I am quite curious about how this reads to readers who know very little about autism, and perhaps, like some of the other characters in the book, might otherwise have responded to Marguerite's revelation of her diagnosis with worry, disbelief, or pity. This book is for them too—not just to learn more about the experience of being autistic, but about the importance of finding one’s community and realising that being yourself is OK, and that being different can be hard—but in itself is nothing like a tragedy (and can actually be really important). 

There is a lot in there about revelation and gradual self understanding and acceptance that is illustrated in a way that I think is much more accessible, through following Marguerite's story, how she changes, and the decisions she makes, than just being told that this process happens and is important. It is a very nice example of the power of showing, rather than telling.

On the theme of education however, something that did jar uncomfortably was in the back pages, designed as a sort of simple informational fact file on autism. It read oddly to me, changing between first and third person. After such an intimate, humane, and personal story, putting information about autism in the third person, describing us as an ‘other’—“they tend to prefer rituals,” “they might be clumsy,” felt really quite uncomfortable.

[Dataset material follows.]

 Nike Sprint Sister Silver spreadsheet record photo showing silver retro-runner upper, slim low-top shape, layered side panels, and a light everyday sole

Moreover, while on the whole the information was reasonably good, it still felt somewhat unfounded and unhelpfully generalised in some of its assertions, such as the claim that “non-autistic people recharge in the company of others” and autistic people the opposite, or “they have few prejudices and are less likely to judge others.”

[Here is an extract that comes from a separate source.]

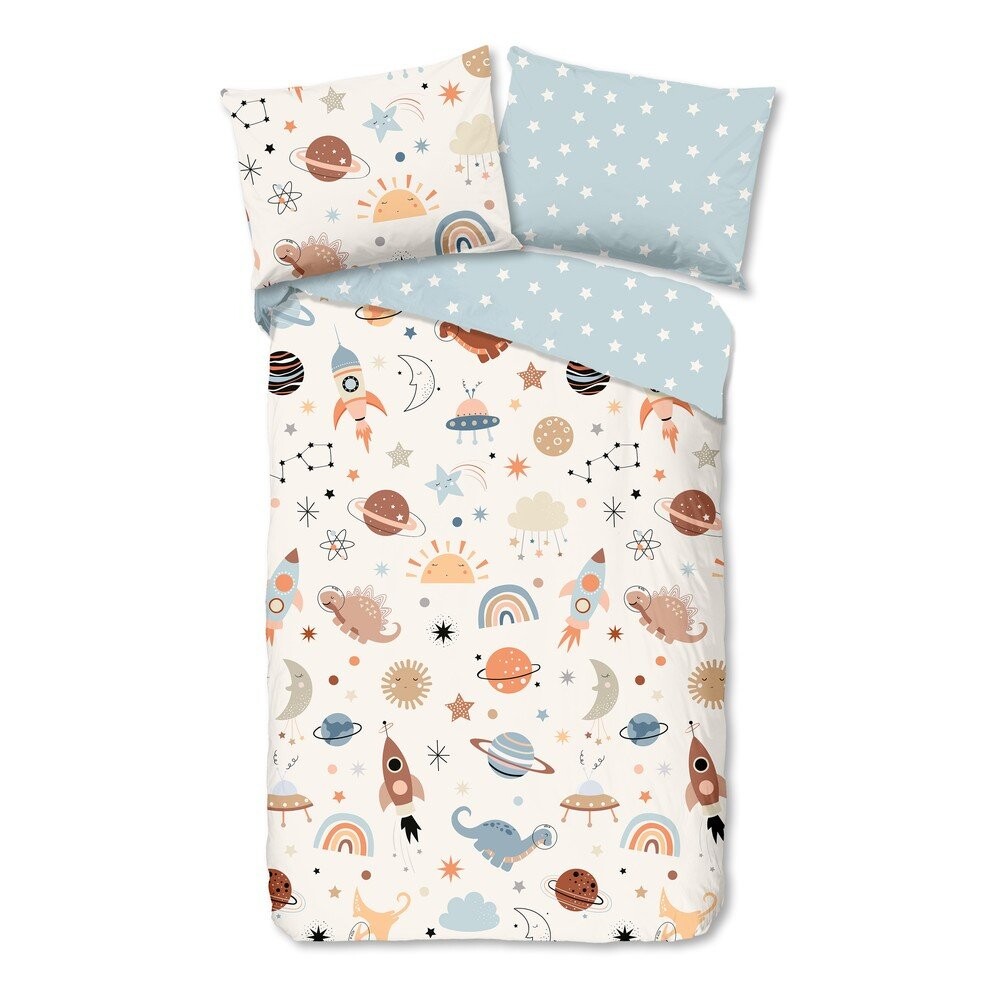 Modré/béžové bavlněné dětské povlečení na jednolůžko 140x200 cm Eclips – Good Morning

I felt that it was a shame that the back section did not instead focus more on differences in communication (and perhaps ‘culture’) between autistic and non-autistic people, and the impact of having a minority or, as Dachez might put it, “deviant” experience compared to the majority. It felt like a shame and rather a surprise that the book should end on such an ‘othering’ experience and go back, however slightly, to some of the tired tropes and generalisations (“condition,” “symptoms”... though maybe there is a translation issue also at play here). Perhaps on its own I would’ve been less critical of this section, but the quality and thoughtfulness of the story greatly raised the bar for what I was expecting.

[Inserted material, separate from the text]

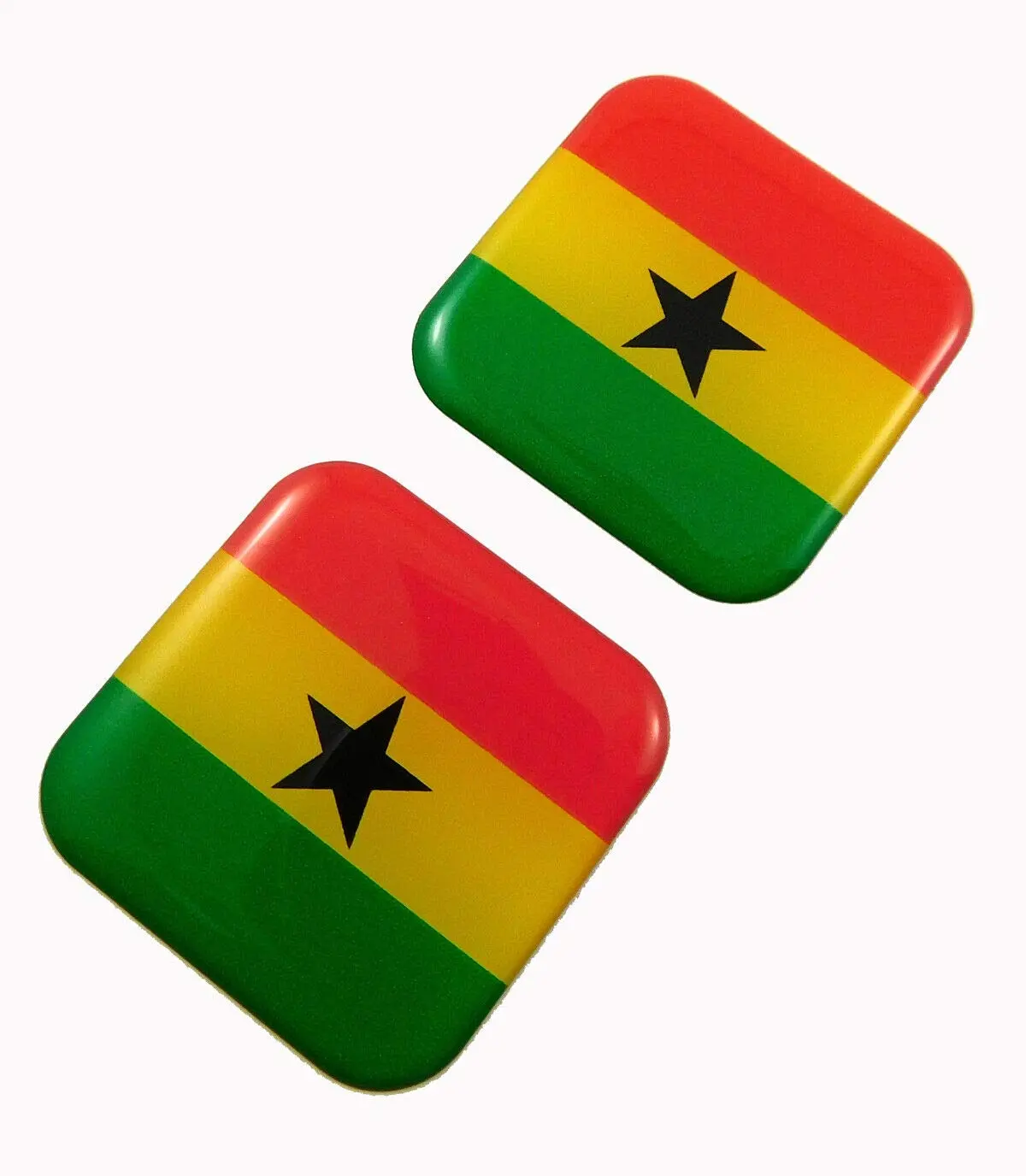 Ghana Flag Square Domed Decal Car Bike Gel Stickers 1.5" 2Pc 1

That said, the final section did also contain a very direct and critical section on France’s problematic psychoanalytic approaches to autism, stating it is “40 years behind when it comes to autism,” and perhaps in this context one can forgive a little the shortcomings of the final section. There was also a very generous and excellent list of resources for further reading, with a range of autistic voices represented, in a range of media, so perhaps keen readers will seek out further challenging and diverse perspectives and ideas.

But maybe it is best that we focus back on the main story, which after all is the main reason that readers might pick up this book. As the narrative takes us through Marguerite's diagnosis process, and her discovery of autistic community, we hear accounts from a range of autistic people she meets (which read like quotations, so I assume they may be from real people) hinting at a broader range of experiences and stories than we are presented with through Marguerite—something that hints towards a real sense of community and culture. She goes further, however: Marguerite's realisation doesn’t just bring her into a community of autistic people, it brings her into a much broader community of neurodivergence and celebration of diversity—there is so much solidarity in the experience of difference, and realising that we may all have (often invisible) differences from the majority can be so important, and feels like the most valuable message for the book to leave us with. As Dachez writes on the cover page:
“By embracing your truest self, making peace with your uniqueness, you become an example to follow. You thus have the power to shatter the normative shackles that hold us all back and keep us from living together in mutual respect and acceptance. Your difference isn’t part of the problem, it’s part of the solution. It is a cure for our society, a society obsessed with normality.”